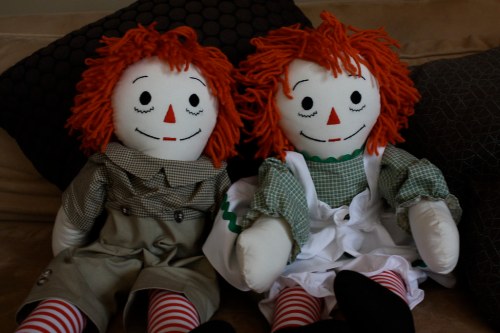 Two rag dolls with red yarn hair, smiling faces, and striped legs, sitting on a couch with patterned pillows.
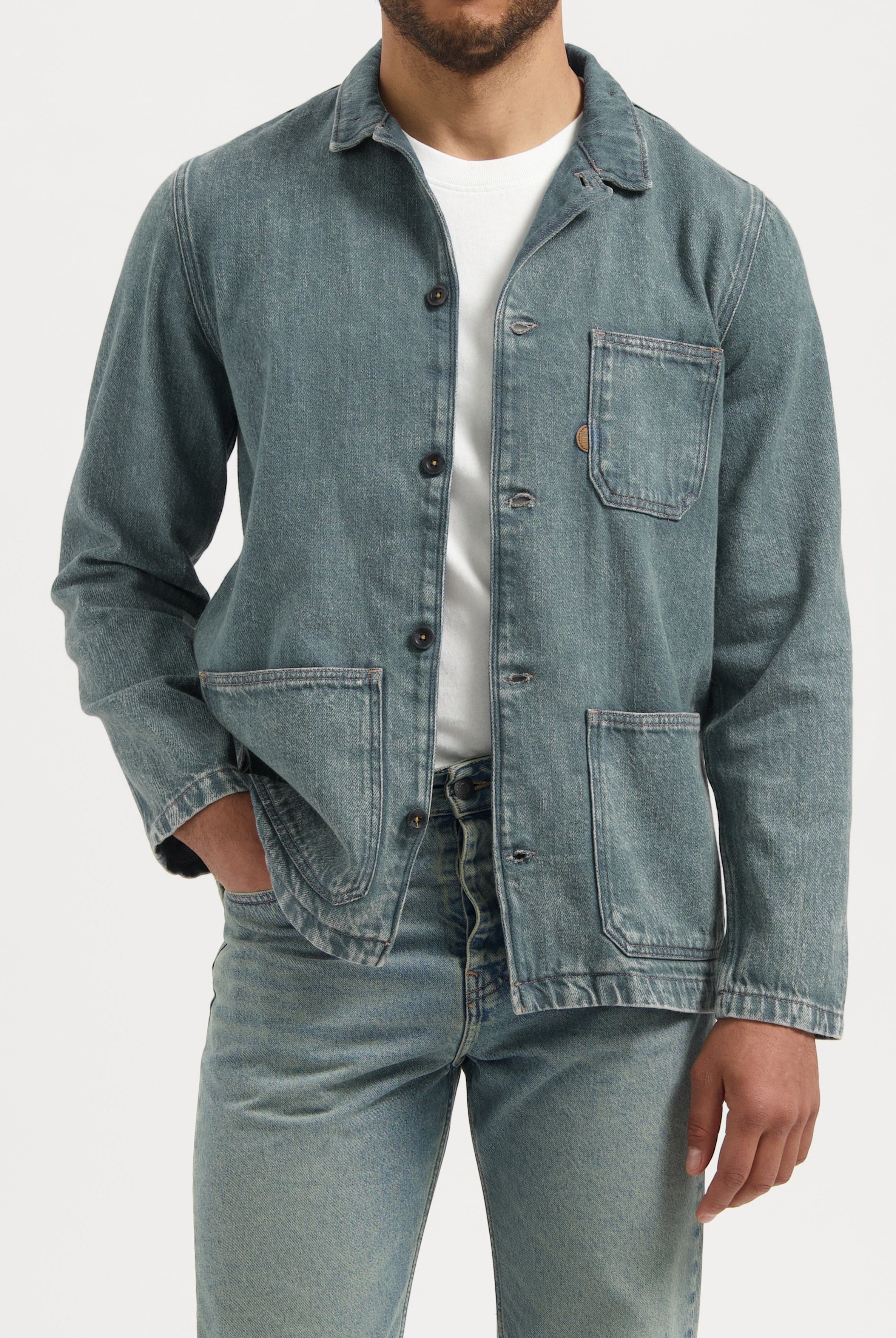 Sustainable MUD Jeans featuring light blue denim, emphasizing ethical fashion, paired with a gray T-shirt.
...
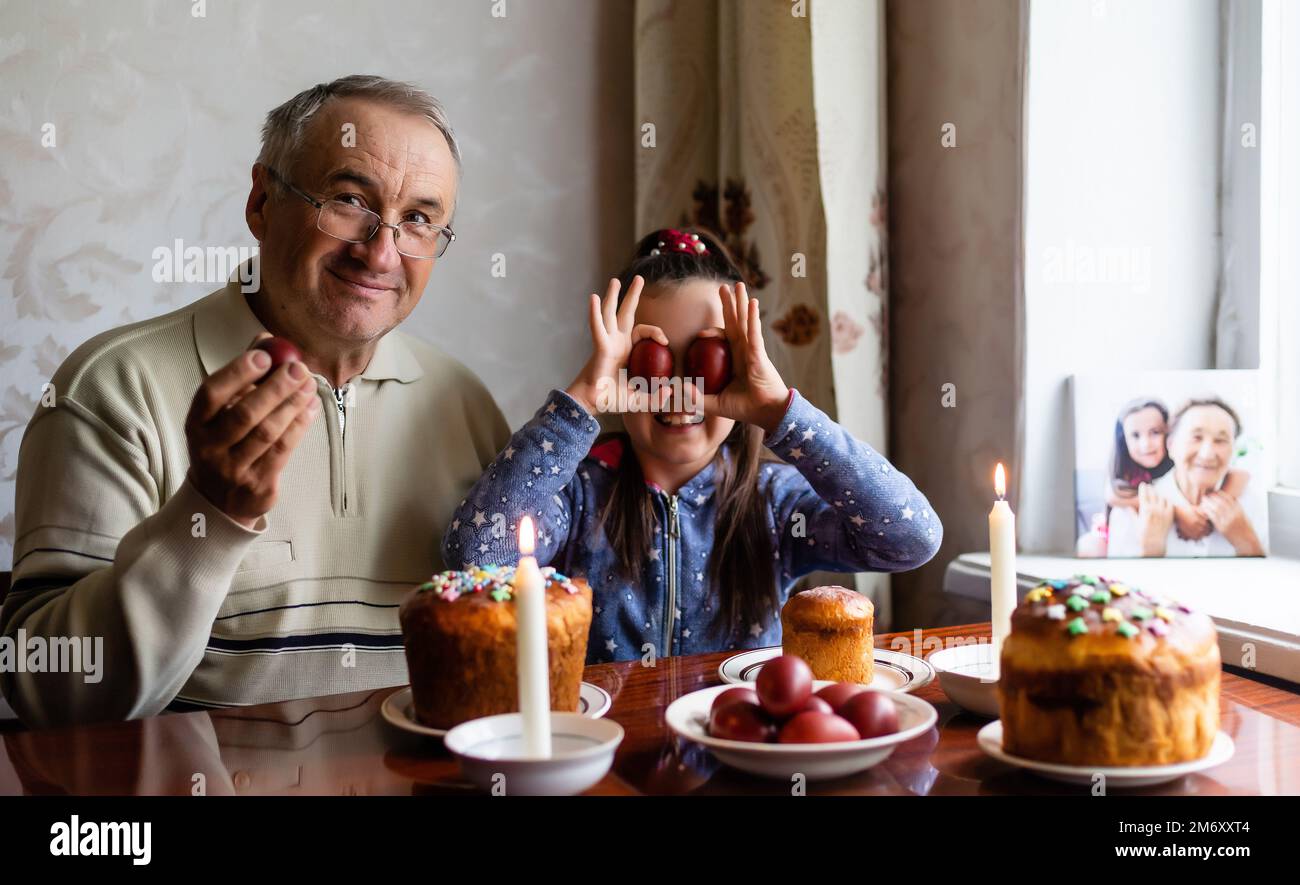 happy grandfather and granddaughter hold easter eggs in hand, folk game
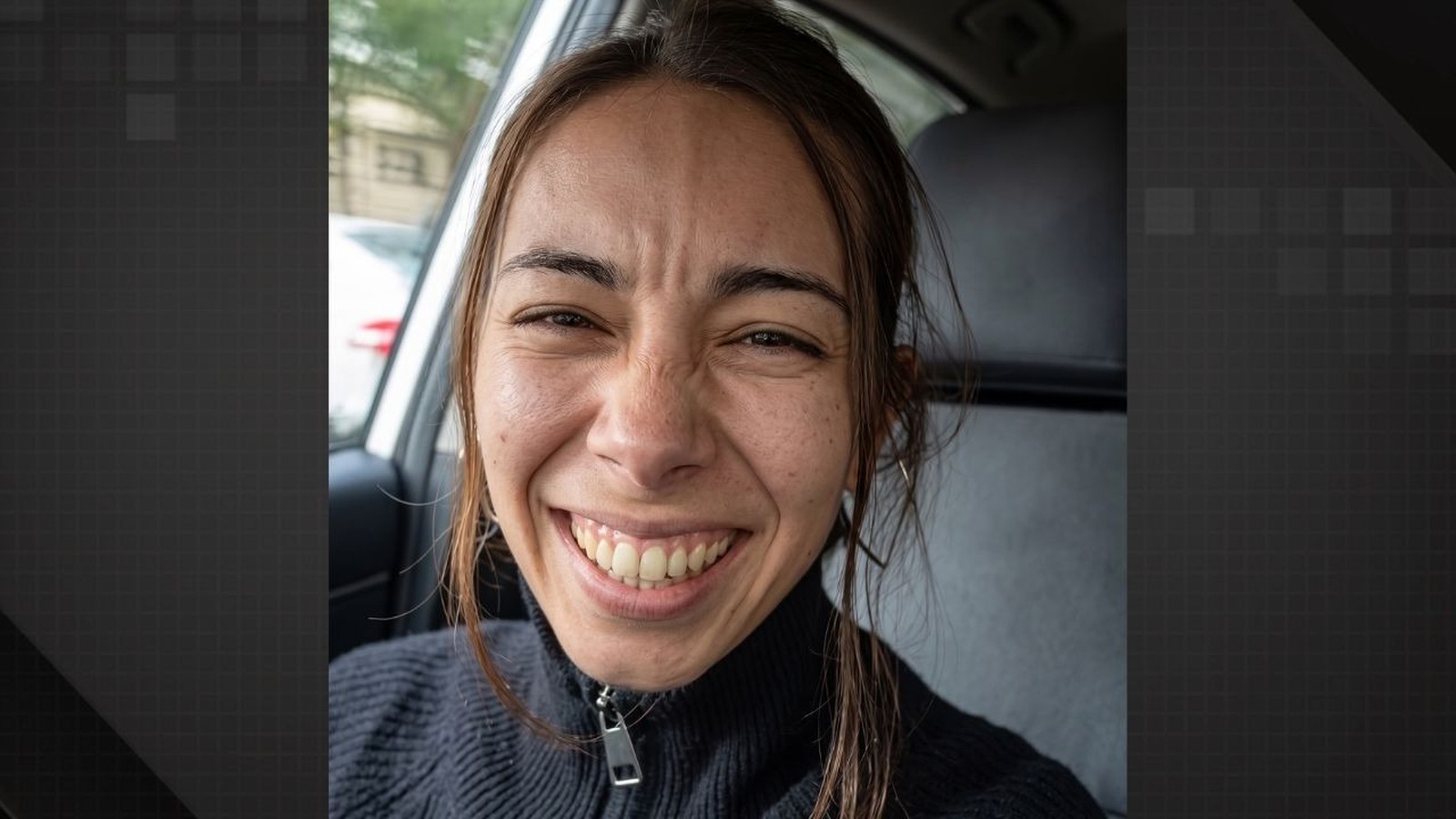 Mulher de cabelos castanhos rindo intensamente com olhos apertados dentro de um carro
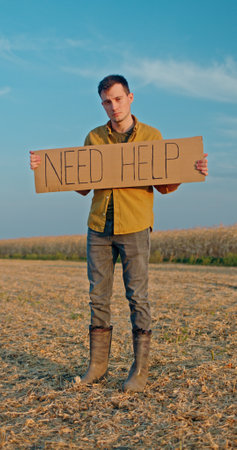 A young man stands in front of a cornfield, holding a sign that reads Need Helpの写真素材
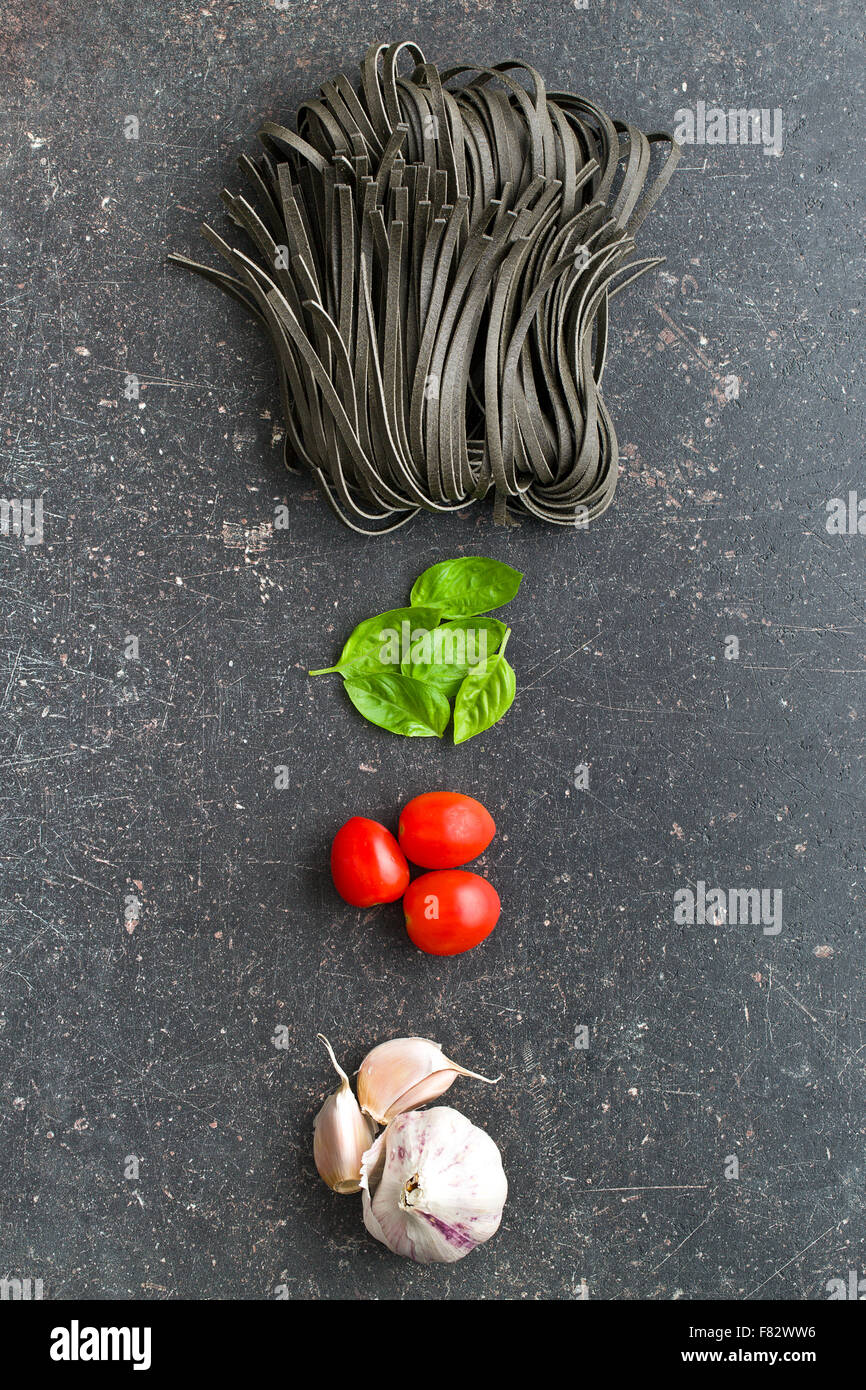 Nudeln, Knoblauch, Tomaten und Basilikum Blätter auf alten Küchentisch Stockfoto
--
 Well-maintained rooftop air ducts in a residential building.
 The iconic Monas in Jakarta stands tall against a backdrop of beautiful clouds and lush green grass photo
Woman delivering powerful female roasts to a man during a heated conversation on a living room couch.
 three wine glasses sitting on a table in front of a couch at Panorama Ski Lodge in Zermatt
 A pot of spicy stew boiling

**WORK ORDER**
Reproduce word for word, with pictures dropped, only the part of the material above that opens with the line containing "happy grandfather and" and closes with the line containing "Nudeln, Knoblauch, Tomaten".

**SOLUTION**
 happy grandfather and granddaughter hold easter eggs in hand, folk game
 Mulher de cabelos castanhos rindo intensamente com olhos apertados dentro de um carro
 A young man stands in front of a cornfield, holding a sign that reads Need Helpの写真素材
 Nudeln, Knoblauch, Tomaten und Basilikum Blätter auf alten Küchentisch Stockfoto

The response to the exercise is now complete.